An exploratory analysis of gaze positions from cue onset to target onset and during target presentation shows that in most trials participants followed the instruction to fixate the center of the screen during the trials, although we did not actively enforce this instruction: In the horizontal direction, saccades were made to positions less than 2 dva from the center in 26% of the trials and to positions greater than 2 dva in 12% of the trials. For the vertical axis, this was the case in 24% and 14% of the trials, respectively. We considered only saccades starting at least 100 ms after the cue onset, to minimize the proportion of saccades which are caused by incidents before the cue onset. No systematic deviation from the center or dependence on the cue direction was found.

Experiment 2

Experiment 1 showed no differences between arrows and faces in their efficacy to cue towards a target despite being non-predictive. Since, unlike in [20], there was no evidence of differences between arrows and faces, we next asked whether the face as a social cue is harder to override than an arrow cue, if its predictiveness conflicts with their (over)trained (social) meaning. To this end, we examined the effect of counter-predictive cues. Counter-predictive cues point in the opposite direction of the targets in all trials–e.g., gaze down or an arrow pointing down is 100% predictive for a target that will appear up. Throughout Experiment 2 all arrow and face cues that were not neutral (Fig 1B) were counter-predictive. Based on the data of Experiment 1, we also made some further adjustments to the paradigm. Since there was no indication from Experiment 1 that differences between cue types depended on the respective axes, we restricted ourselves to the vertical direction; this choice simplifies the experimental design, as the task response (letter identification) can now be given by pressing a left or right button without potential congruency confounds to the up/down target location. The eye-tracking data in Experiment 1 showed that participants followed the instruction to fixate the center of the screen in most of the trials. Omitting this instruction would probably lead to more informative eye movements. It should be noted that this may also lead to a more overt attention allocation compared to the original paradigm.

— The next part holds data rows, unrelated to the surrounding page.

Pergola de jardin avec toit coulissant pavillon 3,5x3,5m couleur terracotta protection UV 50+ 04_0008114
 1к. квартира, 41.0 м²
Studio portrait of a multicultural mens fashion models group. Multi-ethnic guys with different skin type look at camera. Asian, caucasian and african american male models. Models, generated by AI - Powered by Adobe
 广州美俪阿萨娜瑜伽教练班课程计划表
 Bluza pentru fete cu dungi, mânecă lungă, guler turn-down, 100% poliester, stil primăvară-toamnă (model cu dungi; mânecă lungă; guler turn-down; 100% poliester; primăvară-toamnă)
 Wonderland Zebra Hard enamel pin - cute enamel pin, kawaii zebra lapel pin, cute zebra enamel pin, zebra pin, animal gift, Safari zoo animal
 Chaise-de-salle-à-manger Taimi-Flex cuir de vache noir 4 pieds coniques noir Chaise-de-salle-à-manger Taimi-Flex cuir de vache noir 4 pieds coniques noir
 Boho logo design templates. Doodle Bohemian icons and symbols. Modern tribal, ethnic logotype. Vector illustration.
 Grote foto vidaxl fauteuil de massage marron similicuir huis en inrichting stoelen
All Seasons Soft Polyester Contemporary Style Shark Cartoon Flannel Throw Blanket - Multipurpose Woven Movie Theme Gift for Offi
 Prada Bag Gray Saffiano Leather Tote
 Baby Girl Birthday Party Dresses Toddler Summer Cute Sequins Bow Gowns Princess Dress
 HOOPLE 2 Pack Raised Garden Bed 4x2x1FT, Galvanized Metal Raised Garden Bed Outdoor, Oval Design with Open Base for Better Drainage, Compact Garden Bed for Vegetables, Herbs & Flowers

However, a more open instruction also provides the basis for more natural eye movements. Since comparability with exogenous cues as in [12] was not central in Experiment 2, this modification was adopted. In addition, we used color cues, which–unlike faces and arrows–have no social or overtrained inherent direction. The color condition was used for an initial training block and served as a filler to separate blocks with arrows from face blocks and was used to control for general changes in the CE over the course of the experiment.